This was one of the lines officials were instructed to deliver to children returning to Xinjiang and learning that their family members had been sent to “political education” camps, according to a trove of Chinese documents leaked to and published by the New York Times.

Since early 2017, Chinese authorities have arbitrarily detained about 1 million Turkic Muslims in facilities where they are subjected to forced political indoctrination, effective renunciation of their faith and culture, and in some cases torture. The Chinese government initially flatly denied the existence of these camps. But more evidence emerged and Beijing found itself challenged by United Nations experts, human rights groups, media outlets, and scholars.

Under pressure, Chinese officials changed their story to suggest these were merely “vocational training” centers designed to increase economic opportunities and mitigate any “extremist” impulses. Many officials insisted the “training” was voluntary, allowed under Chinese law, and essential for peace and prosperity in a strategically and economically important region. According to state media, “trainees” and their families found the “education” helpful and they were grateful to the government for providing it.
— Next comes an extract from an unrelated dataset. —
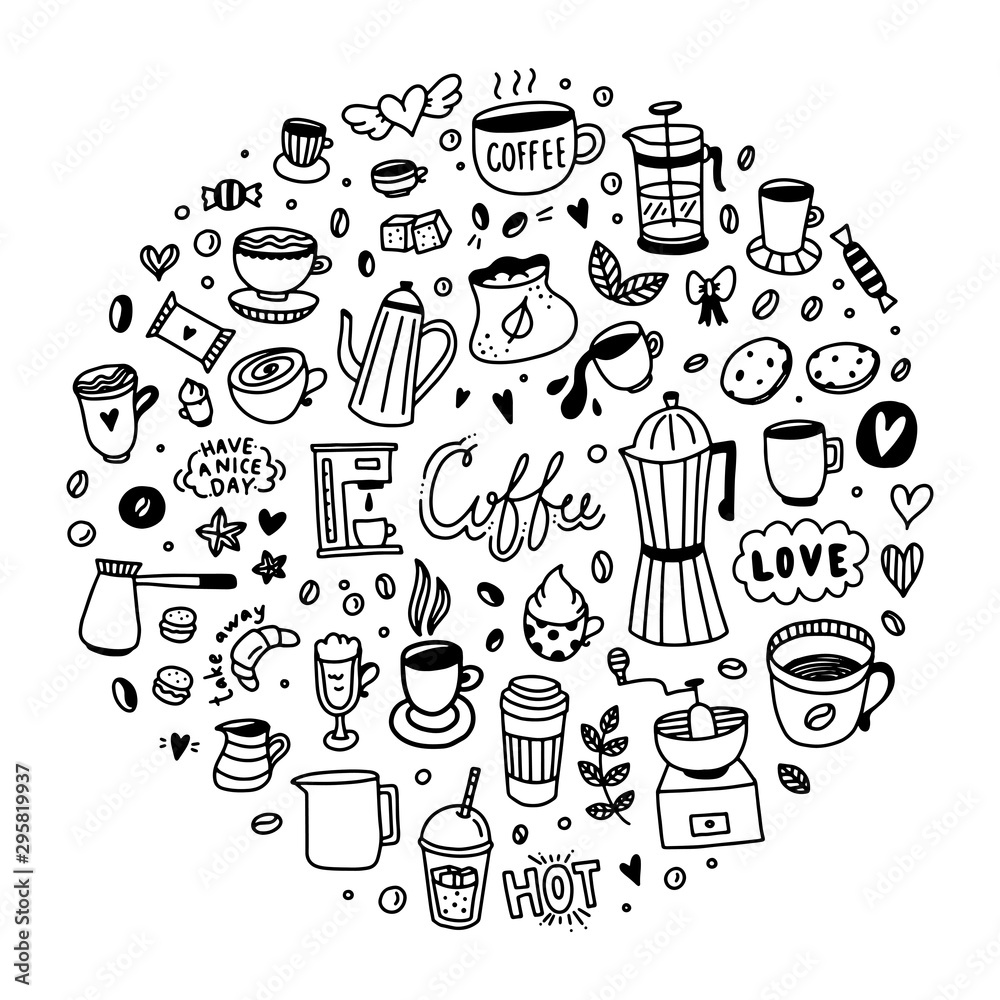 Coffee doodles round shape vector collection. Hand drawn cups with drinks, sweets, cakes, desserts elements and icons for cafe decoration Coffee doodles round shape vector collection. Hand drawn cups with drinks, sweets, cakes, desserts elements and icons for cafe decoration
The documents recently released via the New York Times—and now another slew published by the International Consortium of Investigative Journalists—prove the opposite of the government’s assertions, offering a chilling view into Chinese authorities’ convictions that Turkic Muslims must be “educated” into relinquishing their distinct identity and replacing it with loyalty solely to the Chinese Communist Party. The documents substantiate the authorities’ intentions and plans to commit gross human rights violations cloaked in the language of protecting the state from unseen threats. The formal instructions for carrying out the program are frighteningly reminiscent of other regimes responsible for industrial-scale human rights violations.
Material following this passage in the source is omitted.